● **Your objective**
A verbatim copy of the entries is the required answer.

● **Entries taken from a collection**

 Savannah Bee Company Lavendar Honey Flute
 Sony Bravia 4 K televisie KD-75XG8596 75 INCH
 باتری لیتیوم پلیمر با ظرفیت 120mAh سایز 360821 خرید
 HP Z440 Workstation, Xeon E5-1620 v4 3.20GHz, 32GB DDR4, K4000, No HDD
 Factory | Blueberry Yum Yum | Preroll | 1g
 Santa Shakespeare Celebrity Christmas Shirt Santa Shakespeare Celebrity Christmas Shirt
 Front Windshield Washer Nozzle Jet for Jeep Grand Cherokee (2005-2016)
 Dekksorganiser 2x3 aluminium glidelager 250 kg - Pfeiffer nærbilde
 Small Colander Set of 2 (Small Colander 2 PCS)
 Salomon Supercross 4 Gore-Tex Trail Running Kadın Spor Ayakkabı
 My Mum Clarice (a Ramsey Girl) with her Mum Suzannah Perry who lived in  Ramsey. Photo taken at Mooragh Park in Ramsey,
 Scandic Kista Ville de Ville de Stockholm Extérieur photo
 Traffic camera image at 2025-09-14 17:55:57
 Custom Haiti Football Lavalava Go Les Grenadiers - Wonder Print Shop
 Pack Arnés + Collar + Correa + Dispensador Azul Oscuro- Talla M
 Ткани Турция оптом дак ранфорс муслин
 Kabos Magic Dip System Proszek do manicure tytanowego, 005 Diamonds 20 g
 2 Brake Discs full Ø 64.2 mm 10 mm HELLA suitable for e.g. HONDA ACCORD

● **Solution to this task**
 Savannah Bee Company Lavendar Honey Flute
 Sony Bravia 4 K televisie KD-75XG8596 75 INCH
 باتری لیتیوم پلیمر با ظرفیت 120mAh سایز 360821 خرید
 HP Z440 Workstation, Xeon E5-1620 v4 3.20GHz, 32GB DDR4, K4000, No HDD
 Factory | Blueberry Yum Yum | Preroll | 1g
 Santa Shakespeare Celebrity Christmas Shirt Santa Shakespeare Celebrity Christmas Shirt
 Front Windshield Washer Nozzle Jet for Jeep Grand Cherokee (2005-2016)
 Dekksorganiser 2x3 aluminium glidelager 250 kg - Pfeiffer nærbilde
 Small Colander Set of 2 (Small Colander 2 PCS)
 Salomon Supercross 4 Gore-Tex Trail Running Kadın Spor Ayakkabı
 My Mum Clarice (a Ramsey Girl) with her Mum Suzannah Perry who lived in  Ramsey. Photo taken at Mooragh Park in Ramsey,
 Scandic Kista Ville de Ville de Stockholm Extérieur photo
 Traffic camera image at 2025-09-14 17:55:57
 Custom Haiti Football Lavalava Go Les Grenadiers - Wonder Print Shop
 Pack Arnés + Collar + Correa + Dispensador Azul Oscuro- Talla M
 Ткани Турция оптом дак ранфорс муслин
 Kabos Magic Dip System Proszek do manicure tytanowego, 005 Diamonds 20 g
 2 Brake Discs full Ø 64.2 mm 10 mm HELLA suitable for e.g. HONDA ACCORD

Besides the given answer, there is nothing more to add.